Assignments of Error

{¶42} TFC raises two assignments of error. The first assignment of error challenges the trial court's summary judgment decision, and the second challenges the trial court's calculation of damages.

{¶43} The first assignment of error raises three separate issues for our review: (1) whether the Shining Knight and Wexford loan documents sufficiently describe accounts receivable as collateral; (2) whether R.C. 1309.332(B) acts as a bar to recovery; and (3) whether FFB proved the elements of the tort of conversion.

{¶44} The second assignment of error also raises three separate issues: (1) whether FFB adequately traced the proceeds of Shining Knight's and Wexford's accounts receivable; (2) whether FFB was attempting to create a windfall by suing multiple MCAs for the same damages; and (3) whether the trial court abused its discretion in awarding FFB more money in damages than it actually lost.

{¶45} Because the second issue of the first assignment of error-that R.C. 1309.332(B) bars recovery-is dispositive of this appeal, we consider it first out of order.

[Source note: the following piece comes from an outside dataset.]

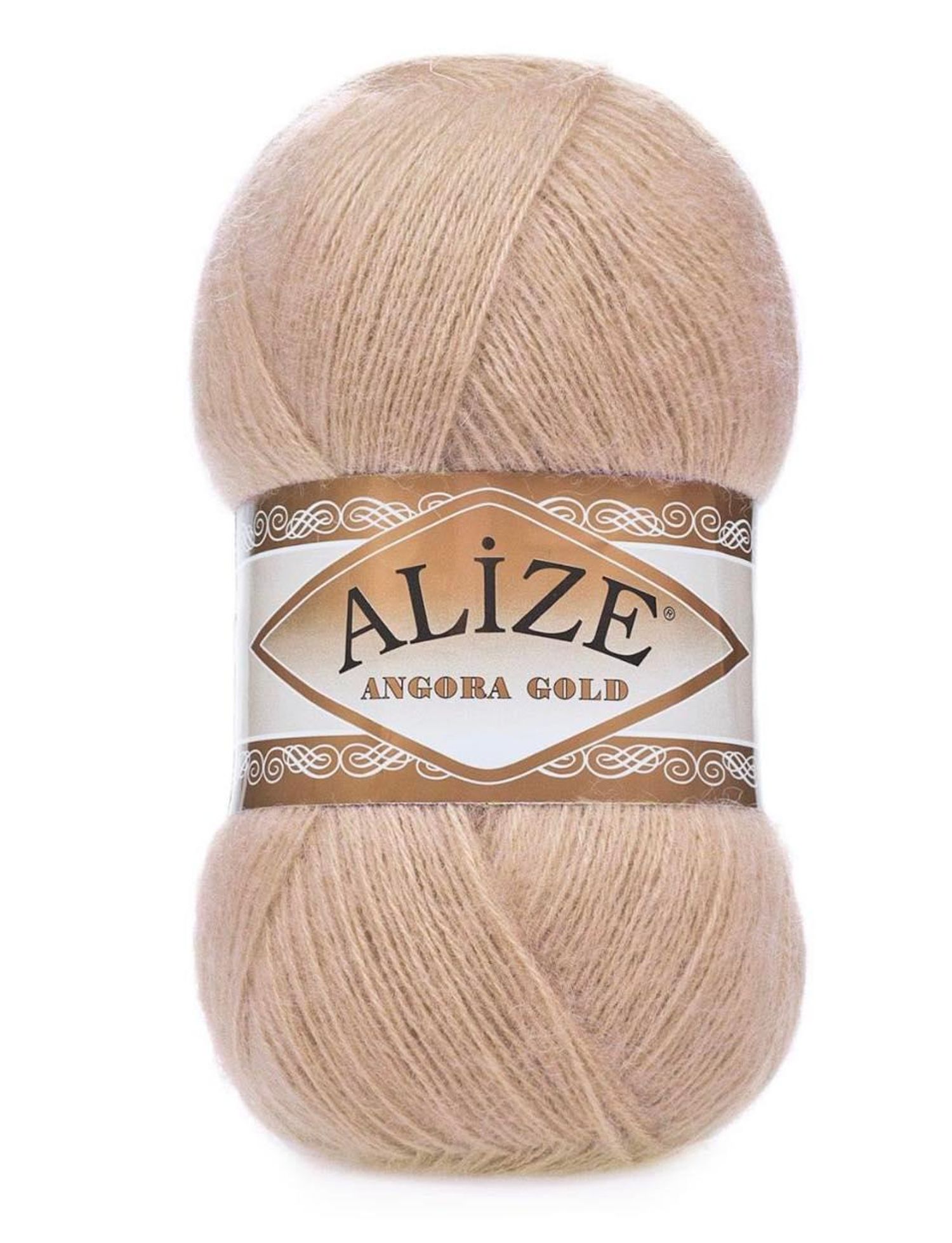 Angora gold -190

R.C. 1309.332(B) and the UCC

{¶46} As part of its first assignment of error, TFC argues that R.C. 1309.332(B) bars FFB from clawing back funds that have already been disbursed from the 7599 deposit account. As this issue both arises in the context of a summary judgment decision and involves a question of statutory interpretation, the standard of review on appeal is de novo. See Cortland, 2021-Ohio-461, at ¶ 9 (11th Dist).

{¶47} The starting point of our analysis is the statute. To that end, R.C. 1309.332 provides:

(A) A transferee of money takes the money free of a security interest unless the transferee acts in collusion with the debtor in violating the rights of the secured party.
(B) A transferee of funds from a deposit account takes the funds free of a security interest in the deposit account unless the transferee acts in collusion with the debtor in violating the rights of the secured party.

{¶48} Adopted in 2001, R.C. 1309.332(B) mirrors identical language added the year before to UCC 9-332. Both sections represent an attempt by policymakers to strike a balance between the competing interests of financial institutions on the one hand and clients who utilize their services to execute commercial transactions on the other.

A. The Adoption of UCC 9-332

{¶49} The history of UCC 9-332 is instructive in understanding these legislative judgments. That section was preceded in the Uniform Commercial Code by Comment 2(c) to UCC 9-306. Lacking the force of a full UCC code section, Comment 2(c) provided that recipients of cash proceeds from a debtor's checking account "paid out in the operation of the debtor's business" took free of any claim that a secured party may have in the proceeds. See Keybank Natl. Assn. v. Ruiz Food Prods., 2005 U.S. Dist. LEXIS 48262, *15-16 (D. Idaho Sept. 9, 2005).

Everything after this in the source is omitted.